Once upon a time an Author had too many memories…
Revisiting the chaotic big bang of the cuilverse from my perspective: The Black Tree series. It is not the actual beginning of the universes within the cuilverse, it was simply my entry/departure from the norm point.
The series that started it all.
It is a formless mass, with inflation racing to build space nearly as fast as the ink met the pages.
It is surreal and raw and innocent and insulting. Trapped within the tattooed wood are my literal memories, the secrets of the horrific life I survived at that time seeped in as deeply as the blood in my veins.
It is that initial point of trauma, the shards of fractured fractal features kaleidoscoping ‘cross all of time and space, queering the corners of the box set to chop off my “extra” dimensions – snick snack shook!
It’s language is hardly coherent, its style maddening, its yearnings unrealized.

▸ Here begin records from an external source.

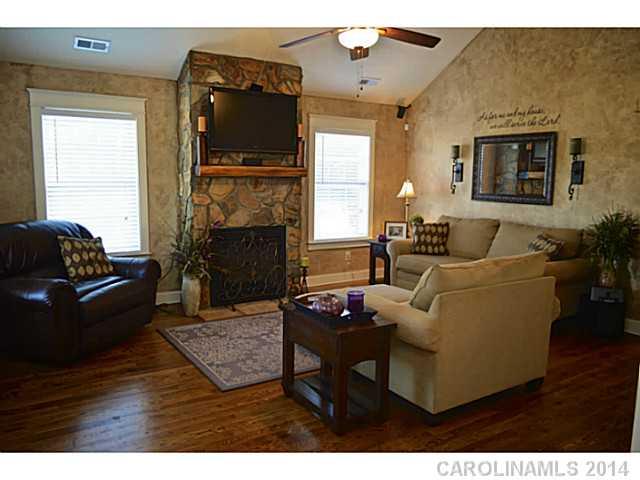 3334 Beaty Road Gastonia, NC 28056 - Photo 6 of 16 a living room with furniture a fireplace a flat screen tv and wooden floor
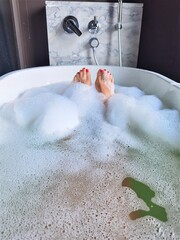 Two legs of girl in the bathtube with bubbles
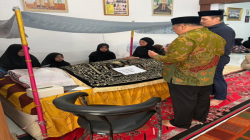 Suasana takziah di rumah duka, beberapa perempuan berjilbab duduk di samping jenazah yang tertutup kain bermotif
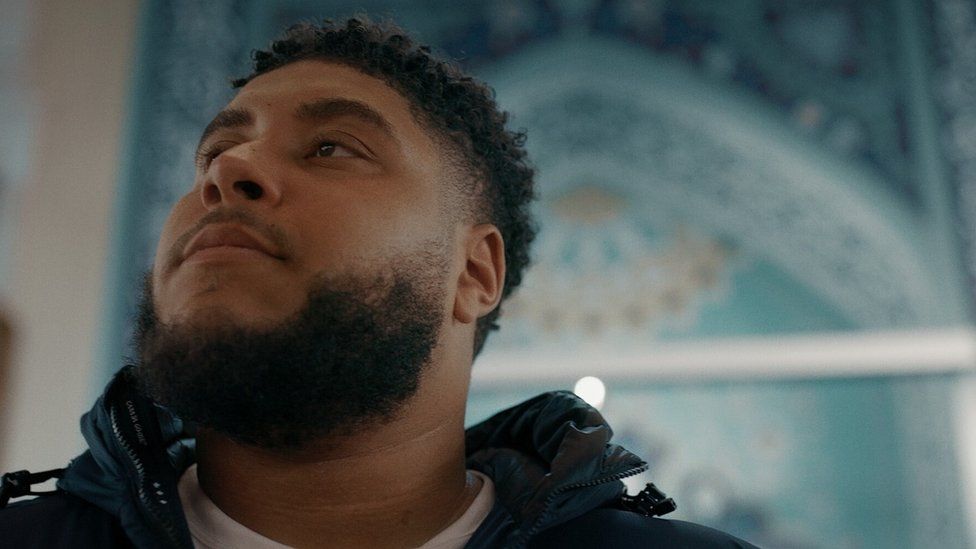 Big Zuu from from his his documentary Big Zuu Goes to Mecca. Big Zuu is a 28-year-old black man with short afro hair, brown eyes and a dark beard. He wears a black jacket over a white T-shirt and is pictured inside a mosque decorated in a rich blue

It is not easy to read; it never has been.
They talk too much.
The continuity is inconsistent.
You can’t put yourself in the story!
Why bastardize the English language?
There are too many characters!
This is absurd.
In these drops of poison my soul encapsulated, spinning or not spinning as you observe – or are you even looking?
And as zero hour approaches, as alternates give way to angry and disguised goddes and eventually give way to total loss…the tone gains weight…
The tangles straighten.
The death comes.
Once upon a time I could not hold the memories. I locked them away for safekeeping, casting spells upon the page with my Sinister hand.
Eventually, as the cuilverse is wont to do, the liminal grew critical and overflowed.
The Black Tree stretched it’s roots and branches through the cuilverse, cracking it open like lightning through air and rubbing electrons against its skin.
I sink in among the bubbled memories, and realize…
There’s room now. This memory can go on this shelf, this one can wander around this house, this one can skip across lakes, and this one can build stars.
Many of the memories have been permanently lost, unrecoverable, as several books were lost or stolen. My soul is split for the loss, grief crying out for something that no longer exists.
The wave washes over me and floats me toward…toward what?
The End of the Beginning? Apocalypse.